▸ Exercise goal
Skip the pictures and write out, word for word, the lines below from the one with "Auxílio Estudantil e Auxílio-Transporte" through the one with "Close-up details showing", inclusive.

▸ Material shown

*** Begin section ***

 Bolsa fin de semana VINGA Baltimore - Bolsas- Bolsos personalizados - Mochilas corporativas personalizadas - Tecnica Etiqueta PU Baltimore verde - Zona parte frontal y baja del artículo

*** End section ***
*** Begin section ***

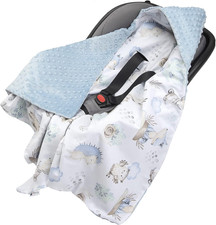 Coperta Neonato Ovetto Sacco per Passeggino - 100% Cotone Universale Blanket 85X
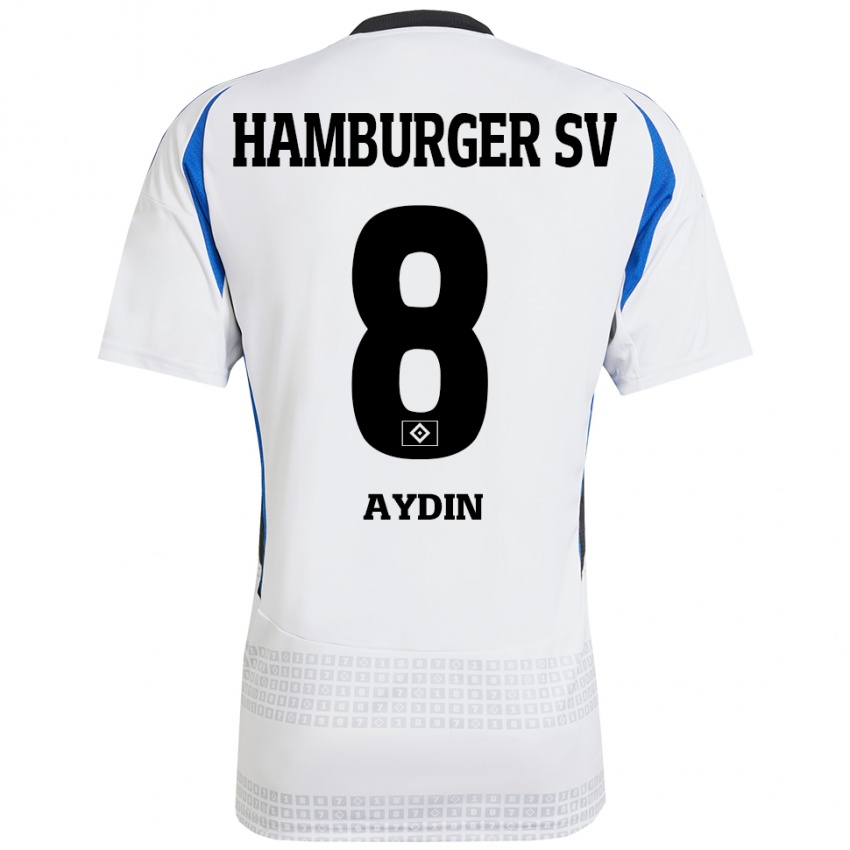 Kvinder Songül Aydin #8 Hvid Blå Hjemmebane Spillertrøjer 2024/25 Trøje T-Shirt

*** End section ***
*** Begin section ***

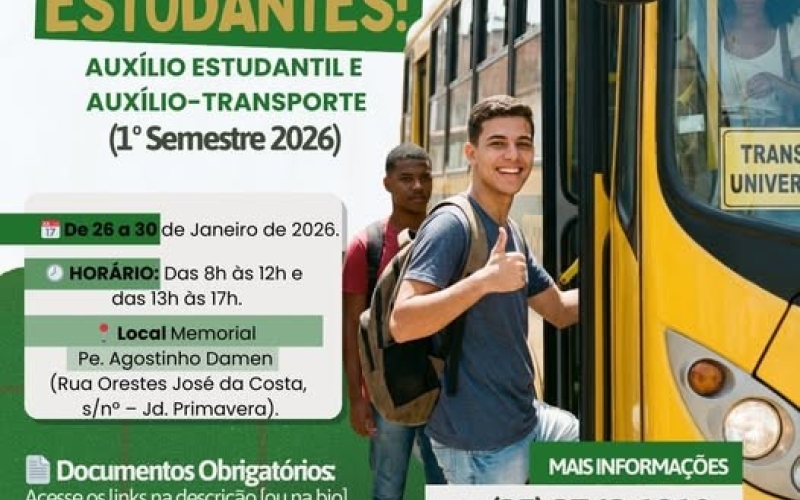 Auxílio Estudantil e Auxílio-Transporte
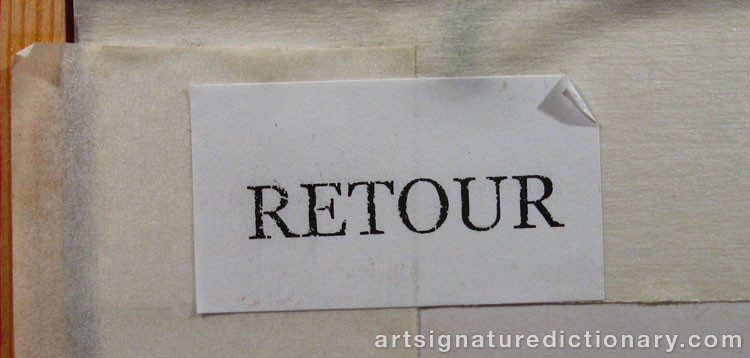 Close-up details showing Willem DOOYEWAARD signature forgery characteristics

*** End section ***

▸ Written solution
 Auxílio Estudantil e Auxílio-Transporte
 Close-up details showing Willem DOOYEWAARD signature forgery characteristics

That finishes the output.